Over the weekend, I started playing around with using a remote Linux desktop, via VNC. Because the remote system is actually remote – it’s a virtual dedicated server, in a datacenter somewhere about 160ms away from me – I’m using an SSH tunnel to connect to it.
So far, I’m really impressed, and having a lot of fun.
You’re probably familiar with the idea of how an internet proxy works – an application on your computer (say, a web browser) sends data to another computer somewhere, and the data comes out the other end, appearing to come from the remote system. A VNC setup is a bit different – you connect to the remote machine, and then run applications right on the machine, as if you were sitting right there in front of it.
Once you get it set up, it’s fairly straightforward – and if you know your way around Linux, setting it up is pretty painless. Following a couple tutorials online, I was up and browsing the web in a (remote) Firefox window in about forty-five minutes.
For the most part, a lot of the things you can do on a remote desktop via VNC are things you can do on the web from your browser, thanks to stuff like Google Apps. The difference, of course, is that you have a bit more control over your data when it’s on a computer you administer – which could be significant if you’re distrustful of Big Brother and his Googly appendages.
There are other things you can do, as well – send and receive email on the remote system via Thunderbird, or use instant-messenger clients – which can provide better privacy when done via VNC than other methods (proxying IM and email to hide your real IP address can be non-trivial).
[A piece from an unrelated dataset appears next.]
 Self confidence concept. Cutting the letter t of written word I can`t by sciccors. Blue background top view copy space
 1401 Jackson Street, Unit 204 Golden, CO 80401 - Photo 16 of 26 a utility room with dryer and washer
In fact, even for things that are relatively straightforward to proxy or tunnel, running them remotely obviates the need to worry about proxy configuration and information leakage. Also, if your server hosts permits it, there’s a whole wide world of IRC and bittorrent to be explored, remotely… a few minutes’ thought should come up with other uses, as well.
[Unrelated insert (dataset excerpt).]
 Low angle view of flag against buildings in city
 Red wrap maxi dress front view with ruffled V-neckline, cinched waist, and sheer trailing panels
I’m leasing a virtual server to use as a remote desktop, for about 5 USD/month. Running Debian 5 under the Xen virtualization system, I have 256MB of RAM to play around with (and another 256MB of swap space, but I really don’t want to use that, ever), a couple hundred gigabytes of transfer every month, and around eight gigs of storage space, as well as the use of a 2.4GHz Xeon core. With the Fluxbox window manager running under xdm, browsing the web in a remote Firefox (Iceweasel) window is slow but usable; CPU usage is about 10%, and memory usage eventually rises slowly from about 110MB. I strongly suspect things would be a bit more responsive if the remote server was closer than 160ms away, but we have to make do with what we’ve got; if I could find a cheap VPS in Chicago, that would cut the latency roughly in half, which would probably be noticeable.
My guess is that 256MB of dedicated RAM is about the bare minimum for a Linux VNC host, assuming nothing else is running, as is the case on my VPS. Having access to multiple CPU cores might make a noticeable difference, too. (As long as they’re not throttled – A single 2GHz core might be better than four 500MHz “slices”.) Depending on what you want to use the machine for, more RAM is probably the most critical component.